Entries supplied ->
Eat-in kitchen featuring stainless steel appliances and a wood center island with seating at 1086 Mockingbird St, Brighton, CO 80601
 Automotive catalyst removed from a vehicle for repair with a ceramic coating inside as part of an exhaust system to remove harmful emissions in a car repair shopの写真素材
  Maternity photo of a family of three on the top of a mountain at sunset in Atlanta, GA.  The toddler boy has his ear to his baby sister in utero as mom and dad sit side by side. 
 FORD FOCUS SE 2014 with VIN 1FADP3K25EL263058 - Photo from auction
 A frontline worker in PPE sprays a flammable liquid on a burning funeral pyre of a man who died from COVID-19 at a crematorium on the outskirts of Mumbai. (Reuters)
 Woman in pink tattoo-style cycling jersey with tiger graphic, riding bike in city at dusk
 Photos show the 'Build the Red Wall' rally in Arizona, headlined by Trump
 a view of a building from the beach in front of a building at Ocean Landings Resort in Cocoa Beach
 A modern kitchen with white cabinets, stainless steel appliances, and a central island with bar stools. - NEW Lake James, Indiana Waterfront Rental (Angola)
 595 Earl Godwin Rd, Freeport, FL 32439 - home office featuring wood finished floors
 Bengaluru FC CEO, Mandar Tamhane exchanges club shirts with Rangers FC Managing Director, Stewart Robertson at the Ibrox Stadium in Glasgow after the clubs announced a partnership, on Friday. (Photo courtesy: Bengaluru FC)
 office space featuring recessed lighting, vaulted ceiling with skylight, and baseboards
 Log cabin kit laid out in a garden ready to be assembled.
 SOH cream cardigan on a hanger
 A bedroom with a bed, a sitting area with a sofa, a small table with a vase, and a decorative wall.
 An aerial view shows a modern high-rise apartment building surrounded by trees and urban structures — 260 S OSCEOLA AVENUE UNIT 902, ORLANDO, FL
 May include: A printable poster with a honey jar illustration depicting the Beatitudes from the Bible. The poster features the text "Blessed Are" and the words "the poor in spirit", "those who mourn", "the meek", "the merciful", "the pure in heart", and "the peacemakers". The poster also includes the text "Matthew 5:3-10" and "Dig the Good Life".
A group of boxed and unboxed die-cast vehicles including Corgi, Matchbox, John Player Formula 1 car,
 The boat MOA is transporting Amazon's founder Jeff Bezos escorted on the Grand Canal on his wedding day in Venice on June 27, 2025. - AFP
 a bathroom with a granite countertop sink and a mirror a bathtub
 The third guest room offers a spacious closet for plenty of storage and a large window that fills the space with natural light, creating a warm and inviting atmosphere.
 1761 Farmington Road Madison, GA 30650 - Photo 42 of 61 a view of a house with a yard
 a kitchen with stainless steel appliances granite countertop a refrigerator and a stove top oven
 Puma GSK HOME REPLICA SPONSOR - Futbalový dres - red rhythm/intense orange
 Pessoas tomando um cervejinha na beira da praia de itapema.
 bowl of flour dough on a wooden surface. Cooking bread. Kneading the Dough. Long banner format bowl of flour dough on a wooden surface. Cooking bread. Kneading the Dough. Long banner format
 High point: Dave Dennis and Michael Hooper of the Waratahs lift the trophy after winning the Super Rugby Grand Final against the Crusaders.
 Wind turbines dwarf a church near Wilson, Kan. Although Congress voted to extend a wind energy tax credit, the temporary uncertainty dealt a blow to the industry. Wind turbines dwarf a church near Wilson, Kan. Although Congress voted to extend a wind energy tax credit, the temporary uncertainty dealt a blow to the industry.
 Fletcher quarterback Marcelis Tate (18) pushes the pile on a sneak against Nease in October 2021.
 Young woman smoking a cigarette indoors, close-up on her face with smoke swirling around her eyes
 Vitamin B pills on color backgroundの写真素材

About this task -> When you retype the data above, start at its first line, stop after the line containing "595 Earl Godwin", and leave out everything else.

Result ->
Eat-in kitchen featuring stainless steel appliances and a wood center island with seating at 1086 Mockingbird St, Brighton, CO 80601
 Automotive catalyst removed from a vehicle for repair with a ceramic coating inside as part of an exhaust system to remove harmful emissions in a car repair shopの写真素材
  Maternity photo of a family of three on the top of a mountain at sunset in Atlanta, GA.  The toddler boy has his ear to his baby sister in utero as mom and dad sit side by side. 
 FORD FOCUS SE 2014 with VIN 1FADP3K25EL263058 - Photo from auction
 A frontline worker in PPE sprays a flammable liquid on a burning funeral pyre of a man who died from COVID-19 at a crematorium on the outskirts of Mumbai. (Reuters)
 Woman in pink tattoo-style cycling jersey with tiger graphic, riding bike in city at dusk
 Photos show the 'Build the Red Wall' rally in Arizona, headlined by Trump
 a view of a building from the beach in front of a building at Ocean Landings Resort in Cocoa Beach
 A modern kitchen with white cabinets, stainless steel appliances, and a central island with bar stools. - NEW Lake James, Indiana Waterfront Rental (Angola)
 595 Earl Godwin Rd, Freeport, FL 32439 - home office featuring wood finished floors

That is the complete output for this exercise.